Riordan didn’t lower his hands from their upright and ready position. He didn’t relax his stance. And his dark eyes felt like a strike, hard and true.
“Bullshit.”
“I forgot who I was talking to,” Eiryn seethed at him, because he wasn’t the only one who could land a sucker punch. “Happy-go-lucky Riordan, everyone’s best friend. Second in line to everything that matters, but never out in front where he might actually have to do something besides laugh, laugh, laugh and fuck camp girls in the ass. Important enough to be part of the conversation, but in the end? Completely fucking disposable.” She held her hands out to the side to encompass the mountains around them and the whole of the damned mainland. “Look where you are.”
He snorted, then shook his head, though his gaze never left hers. “You couldn’t be more wrong if you dedicated your life to it. Which, wait. You have.”
“You’d certainly know a lot about dedicating your life to lost causes.” Her voice was so cold it almost hurt in her own mouth. But she didn’t let that stop her. Not now that they were finally exchanging real punches. “It must be nice to pretend you have a higher calling. A stain you can never wash clean that keeps you at a distance from everyone else. How fucking convenient.”

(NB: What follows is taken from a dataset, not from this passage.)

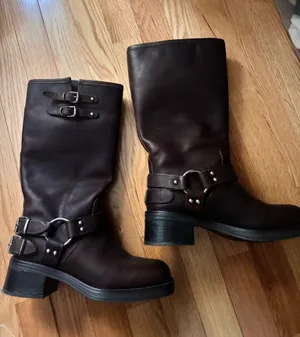 Brown Steve Madden Boots thumbnail 1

“Did you really just say that to me?” Riordan’s voice was incredulous, but his gaze was frigid, promising mayhem and retribution in equal measure. Eiryn really, really hoped he’d try. “You. With zero irony.”
She was tired of talking. More tired of trying not to reel from the things he’d thrown at her, each of them festering, causing as much damage—or more—than the hits he’d landed on her body.
“Are you going to keep running your mouth at me? Or can we maybe get back to the good part? I don’t mind telling you I have a roundhouse kick with your name all over it.” When Riordan only smirked at her, she sighed. “Or you could try to bore me into submission, sure. It’s a strategy.”
“Keep telling yourself you’re bored.” Riordan didn’t sound cold then. Or furious. It was much worse than that. He sounded certain. “Do you really think I can’t read you? Your potshots here. Your bullshit in bed. All painful little diversionary tactics. You have nowhere to hide, baby. Don’t you get that yet?”
If she let any of that sink in at all, Eiryn would have to surrender to the earthquake ripping her apart inside, and that was impossible. That way lay nothing but disaster. She couldn’t possibly take the chance.
“Come on, brother. If you read me so well.” She danced back and forth instead, shifting her weight from one foot to the other, trying to bring the fight back into an arena she understood. One that, not coincidentally, would allow her to wale on him until the ugliness inside of her dissipated. “Kick my ass, if you’re such a big man who knows so much.” She tilted her head to one side. “Unless you’re afraid I’ll be the one kicking your ass?”